--- START ---

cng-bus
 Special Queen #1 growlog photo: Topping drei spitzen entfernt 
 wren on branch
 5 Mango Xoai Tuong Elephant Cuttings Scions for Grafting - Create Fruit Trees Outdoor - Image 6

--- END ---

### WHAT THE EXERCISE ASKS
The listing is to be given again exactly, line for line.

### REPLY
cng-bus
 Special Queen #1 growlog photo: Topping drei spitzen entfernt 
 wren on branch
 5 Mango Xoai Tuong Elephant Cuttings Scions for Grafting - Create Fruit Trees Outdoor - Image 6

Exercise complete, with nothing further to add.